Task:
When you reach the records, transcribe each one exactly.

Data records:
+---+

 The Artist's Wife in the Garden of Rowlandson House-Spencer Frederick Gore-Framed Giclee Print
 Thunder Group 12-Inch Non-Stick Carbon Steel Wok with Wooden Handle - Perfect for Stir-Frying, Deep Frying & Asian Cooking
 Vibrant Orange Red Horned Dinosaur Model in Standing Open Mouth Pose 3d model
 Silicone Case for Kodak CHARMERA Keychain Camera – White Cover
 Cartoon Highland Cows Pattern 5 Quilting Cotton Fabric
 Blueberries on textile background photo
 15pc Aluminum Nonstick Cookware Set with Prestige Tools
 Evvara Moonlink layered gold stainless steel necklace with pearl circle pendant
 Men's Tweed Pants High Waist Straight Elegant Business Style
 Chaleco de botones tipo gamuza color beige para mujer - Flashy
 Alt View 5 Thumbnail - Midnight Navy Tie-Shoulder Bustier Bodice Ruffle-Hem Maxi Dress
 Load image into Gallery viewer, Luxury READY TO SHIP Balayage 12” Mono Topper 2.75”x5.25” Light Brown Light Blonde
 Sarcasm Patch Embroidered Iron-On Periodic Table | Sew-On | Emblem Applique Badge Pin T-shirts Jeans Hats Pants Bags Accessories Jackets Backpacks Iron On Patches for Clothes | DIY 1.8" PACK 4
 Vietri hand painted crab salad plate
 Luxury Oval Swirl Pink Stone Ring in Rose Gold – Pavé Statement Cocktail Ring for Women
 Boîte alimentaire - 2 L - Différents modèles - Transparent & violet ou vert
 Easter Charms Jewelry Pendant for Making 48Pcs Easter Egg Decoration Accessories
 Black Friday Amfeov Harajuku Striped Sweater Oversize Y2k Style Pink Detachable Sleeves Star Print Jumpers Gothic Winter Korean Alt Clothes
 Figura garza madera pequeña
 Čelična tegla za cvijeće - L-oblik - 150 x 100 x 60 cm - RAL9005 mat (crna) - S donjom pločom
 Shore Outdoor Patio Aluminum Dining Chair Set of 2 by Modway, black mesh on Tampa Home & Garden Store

+---+

Output for this exercise:
 The Artist's Wife in the Garden of Rowlandson House-Spencer Frederick Gore-Framed Giclee Print
 Thunder Group 12-Inch Non-Stick Carbon Steel Wok with Wooden Handle - Perfect for Stir-Frying, Deep Frying & Asian Cooking
 Vibrant Orange Red Horned Dinosaur Model in Standing Open Mouth Pose 3d model
 Silicone Case for Kodak CHARMERA Keychain Camera – White Cover
 Cartoon Highland Cows Pattern 5 Quilting Cotton Fabric
 Blueberries on textile background photo
 15pc Aluminum Nonstick Cookware Set with Prestige Tools
 Evvara Moonlink layered gold stainless steel necklace with pearl circle pendant
 Men's Tweed Pants High Waist Straight Elegant Business Style
 Chaleco de botones tipo gamuza color beige para mujer - Flashy
 Alt View 5 Thumbnail - Midnight Navy Tie-Shoulder Bustier Bodice Ruffle-Hem Maxi Dress
 Load image into Gallery viewer, Luxury READY TO SHIP Balayage 12” Mono Topper 2.75”x5.25” Light Brown Light Blonde
 Sarcasm Patch Embroidered Iron-On Periodic Table | Sew-On | Emblem Applique Badge Pin T-shirts Jeans Hats Pants Bags Accessories Jackets Backpacks Iron On Patches for Clothes | DIY 1.8" PACK 4
 Vietri hand painted crab salad plate
 Luxury Oval Swirl Pink Stone Ring in Rose Gold – Pavé Statement Cocktail Ring for Women
 Boîte alimentaire - 2 L - Différents modèles - Transparent & violet ou vert
 Easter Charms Jewelry Pendant for Making 48Pcs Easter Egg Decoration Accessories
 Black Friday Amfeov Harajuku Striped Sweater Oversize Y2k Style Pink Detachable Sleeves Star Print Jumpers Gothic Winter Korean Alt Clothes
 Figura garza madera pequeña
 Čelična tegla za cvijeće - L-oblik - 150 x 100 x 60 cm - RAL9005 mat (crna) - S donjom pločom
 Shore Outdoor Patio Aluminum Dining Chair Set of 2 by Modway, black mesh on Tampa Home & Garden Store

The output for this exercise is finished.